Wednesday, June 8, 2022

A step even farther out

Longtime readers will no doubt be shocked to find out that I am a nerd, and have been for a long time.  Back in the 1970s I subscribed to Galaxy science fiction magazine in no small measure because of Jerry Pournelle's monthly column "A Step Farther Out" about space and space technology.

I've just run across a blog that is basically this for the modern age: Casey Handmer is a former JPL techie who seems to be in one of the many space exploration companies that are popping up everywhere these days*.  I think I ran across his blog via a link at The Silicon Graybeard, but Handmer doesn't focus on "what's the space news from this week" - rather, it's in-depth discussion of fascinating topics that I either didn't know, or topics that I thought I did know but actually knew wrong.  Here is a smattering of some of the most interesting ones:

OMG space is full of radiation, and why I’m not worried
Domes are over-rated
Modular space stations don’t save time or money
The Moon’s water is less exciting than you might think
There are no known commodity resources in space that could be sold on Earth


And the most important of his posts (IMHO) is this one: .  Here's the key bit:
Historically, mission/system design has been grievously afflicted by absurdly harsh mass constraints, since launch costs to LEO are as high as $10,000/kg and single launches cost hundreds of millions.

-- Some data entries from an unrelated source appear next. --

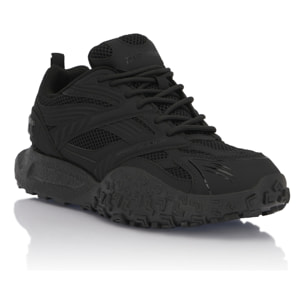 PLEIN SPORT SPRINTER
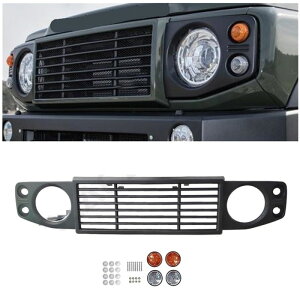 JB64/74 Wj[p tgO VG fBtF_[bNO I[hX^C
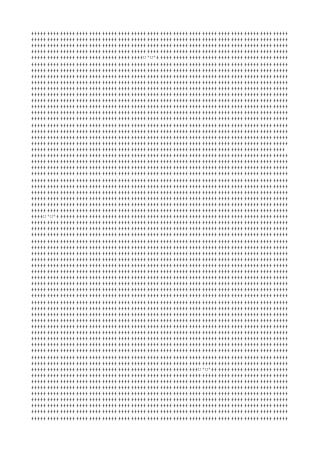 Representación nhumerica  blog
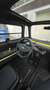 Opel Rocks-e Tekno Grau - thumbnail 8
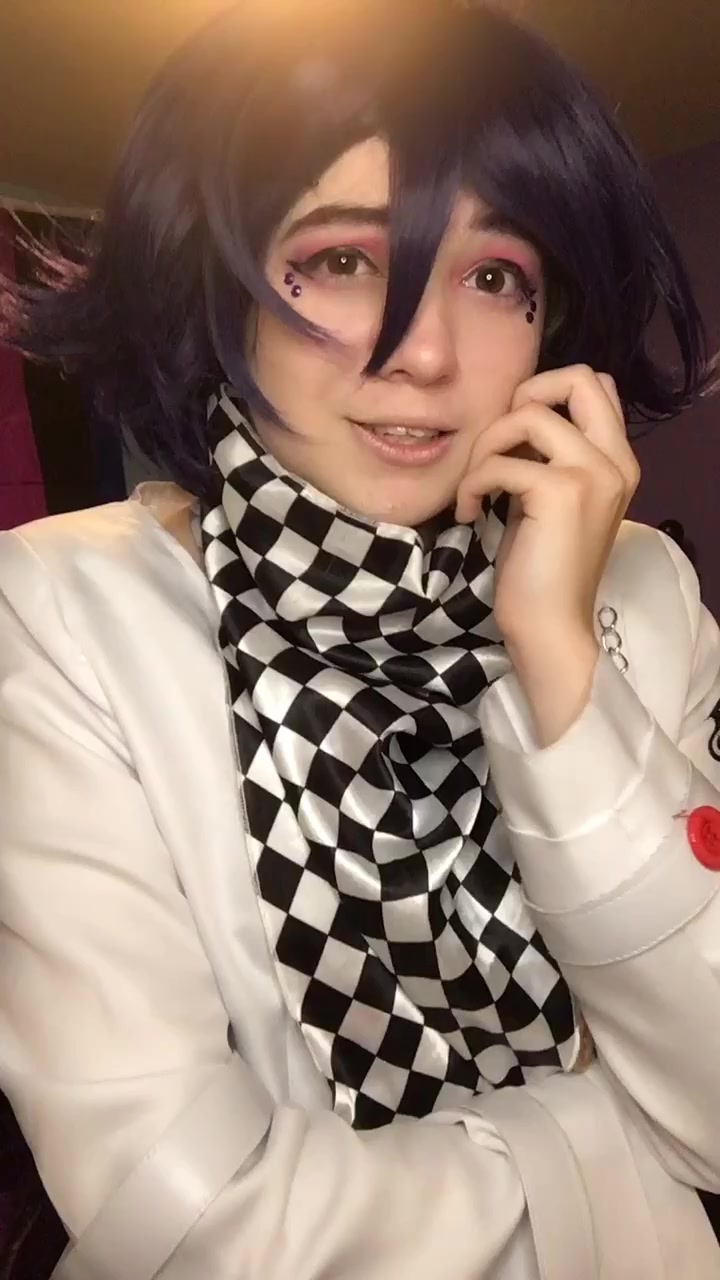 @wildrazz12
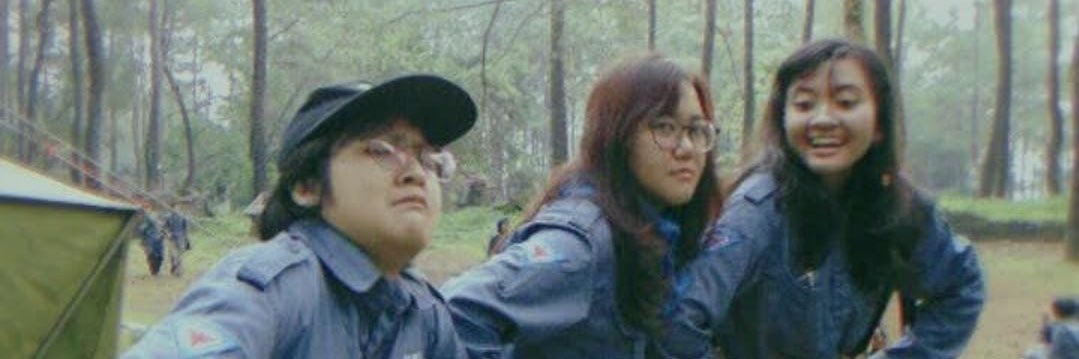 ziavoltage's profile banner image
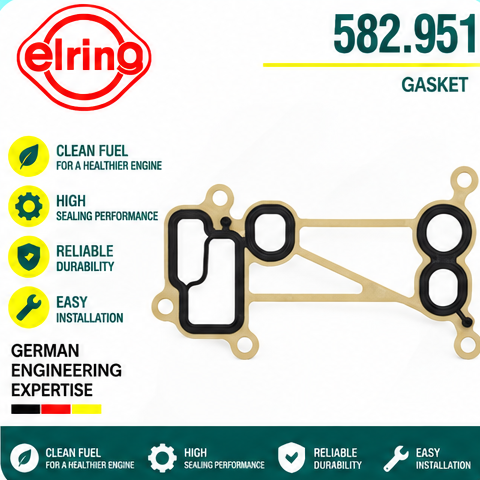 ELRING 582.951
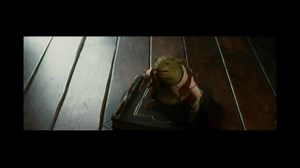 The Spiderwick Chronicles (2008) - Videos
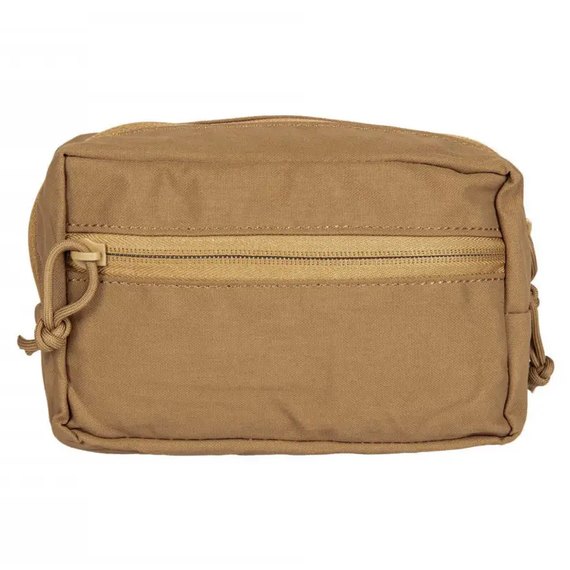 Підсумок Primal Gear Bottom Cargo Pouch Nuviel Coyote (24939)
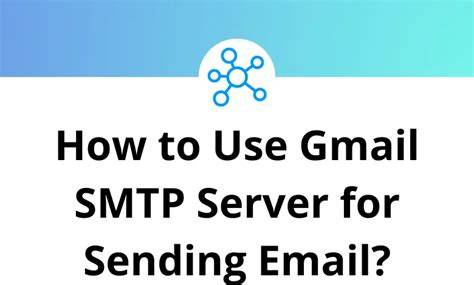 Sending email through Gmail SMTP server with C
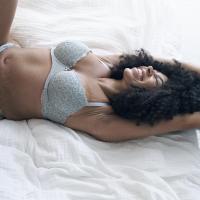 Hunkemoller_2+1_sujetadores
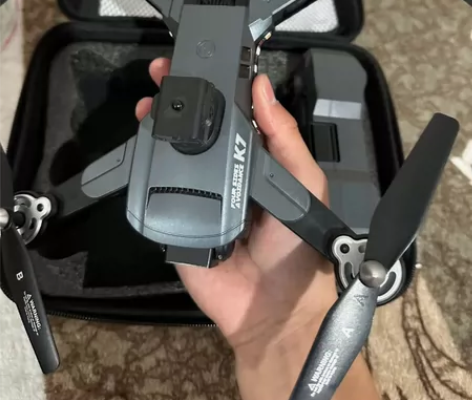 个人甩卖  原价9800元大疆航拍无人机，...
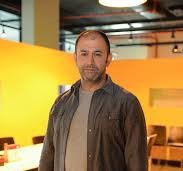 Şevket Özer Kürkçüoğlu - ArgonGate Advisory Board Üyesi, Enerji Sistemleri Mühendisi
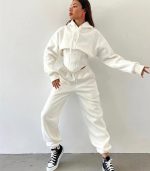 Trening Hot - imagine 2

This in turn affects schedule, cost structure, volume, material choices, labor, power, thermal, guidance/navigation/control, and every other aspect of the mission. Entire design languages and heuristics are reinforced, at the generational level, in service of avoiding negative consequences of excess mass. As a result, spacecraft built before Starship are a bit like steel weapons made before the industrial revolution. Enormously expensive as a result of embodying a lot of meticulous labor, but ultimately severely limited compared to post-industrial possibilities.

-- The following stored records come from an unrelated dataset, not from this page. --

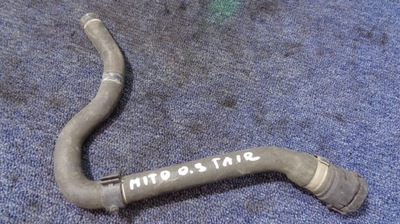 Wąż труба шланг wody alfa romeo mito 0.9 t-air фото №1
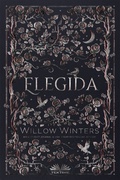 Cover: Elegida - Tektime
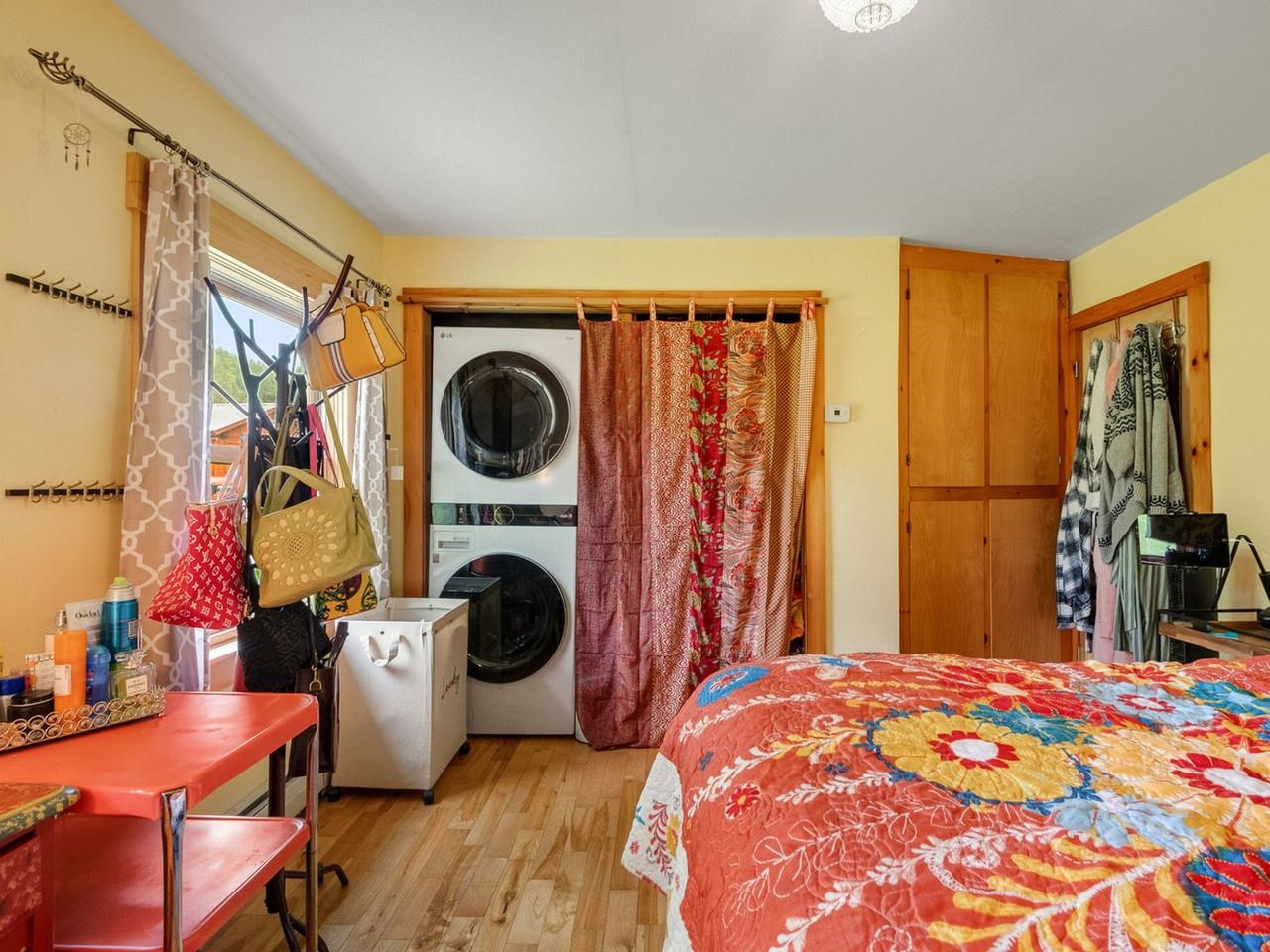 1471 Stellar Road Property Photo 20
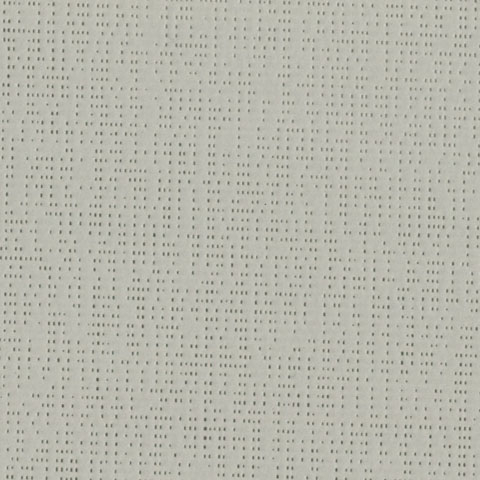 2135 Beige sablé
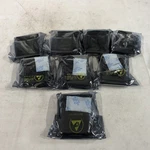 Cisco C2960S-F-STACK Stacking Flexstack Module Lot Of 8 New. Price: $32.99.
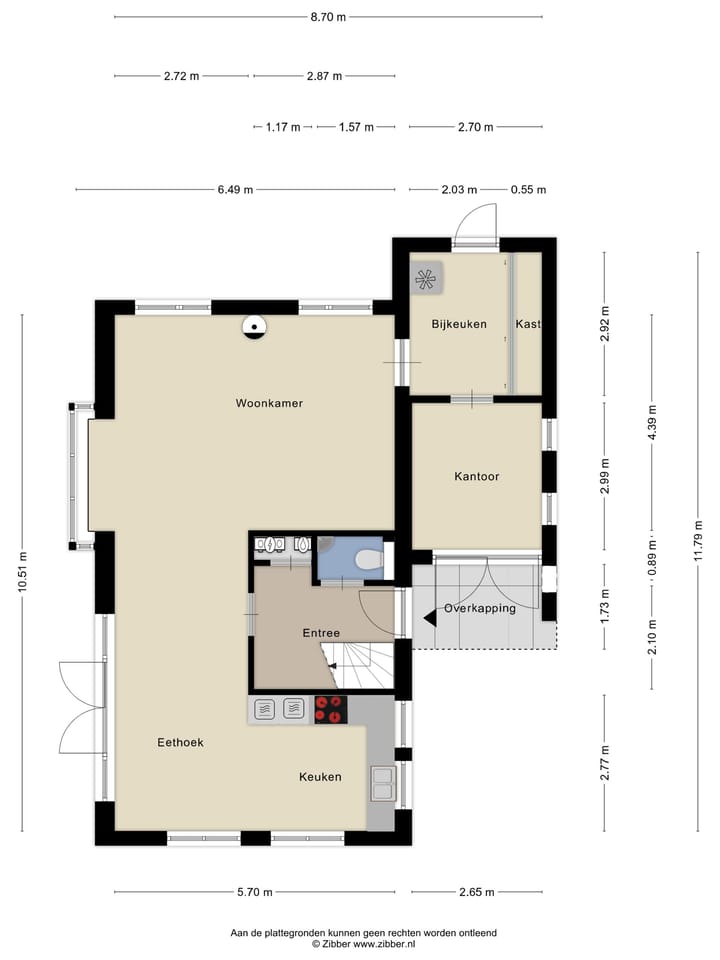 Photo 22 of Dorpswei 18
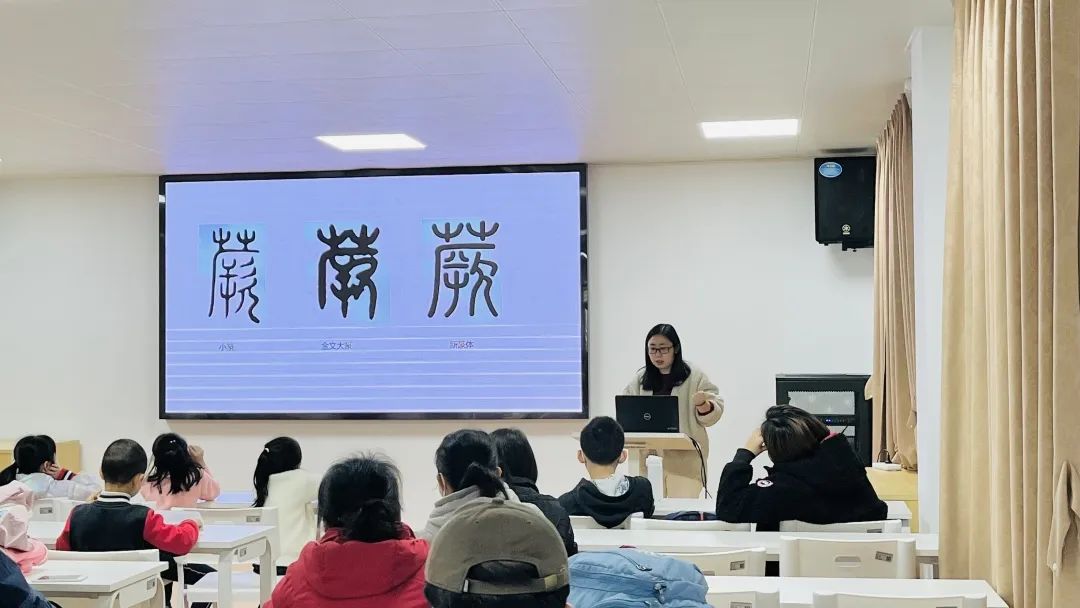 微信图片_20230210100929.jpg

Starship obliterates the mass constraint and every last vestige of cultural baggage that constraint has gouged into the minds of spacecraft designers. There are still constraints, as always, but their design consequences are, at present, completely unexplored. We need a team of economists to rederive the relative elasticities of various design choices and boil them down to a new set of design heuristics for space system production oriented towards maximizing volume of production. Or, more generally, maximizing some robust utility function assuming saturation of Starship launch capacity. A dollar spent on mass optimization no longer buys a dollar saved on launch cost. It buys nothing. It is time to raise the scope of our ambition and think much bigger.
He then goes on to think bigger.  There's all sorts of things wrong in this world, but what's happening in space is not on that list.  We are witnessing the birth of The industry of the 21st Century, just like aviation was the industry of the 20th.

Pournelle wrote a column when the Space Shuttle Enterprise first flew, comparing it to the DC-3 "Gooney Bird".  I think that Starship is the actual space DC-3.  It will make space travel routine, in ways that we can't imagine any better than someone looking at the first DC-3 in 1935 could.  They would never have figured on Freddy Laker's People's Express; we can't imagine what a Moon Shuttle will be.

* Now this is the 21st Century I was promised. 

5 comments:

Beans said...

Comparing cargo capacities, going aviation isn't the way to do it.

Unless you're comparing pre-WWI aircraft to said DC3.

It's more like comparing Liberty ships with a day-sailor or john-boat.

That is the true difference. One can carry minimal cargo and people, that would be Legacy Aerospace products. The other can carry people and cargo and whatever, and do it continuously with little futzing with (once all the kinks are out.)

Educated Savage said...

Your footnote about the 21st century is my thought exactly. There might be a lot going wrong, but private space flight isn't part of it. I had the same response the first time I used a die casting mold that had 3D printed cooling channels in it.

Joe Texan said...

I still have my copy of Pournelle's book, "A Step Farther Out." It must be a compilation of those columns he wrote. I used to re-read and be saddened by how much we haven't accomplished. Elon Musk has changed my mindset, so when I read it now, I'm excited about the prospects again.

Plague Monk said...

I'm grateful to SiG for linking to Mr. Handmer's blog. That is a rabbit hole that I dare not go down too far at any given point if I want to get any work done.
My one "criticism" is that he is making me reassess some of my postulations in my hard sf alternate history series about a more technology based response to the events of 9-11.(Though not the politics, which is intended to be more of an Allen Drury Advise and Consent novel, written by an engineering designer and historian instead of Drury's journalism background).

jabrwok said...

The sooner I can emigrate to a Bishop Ring space habitat, the better.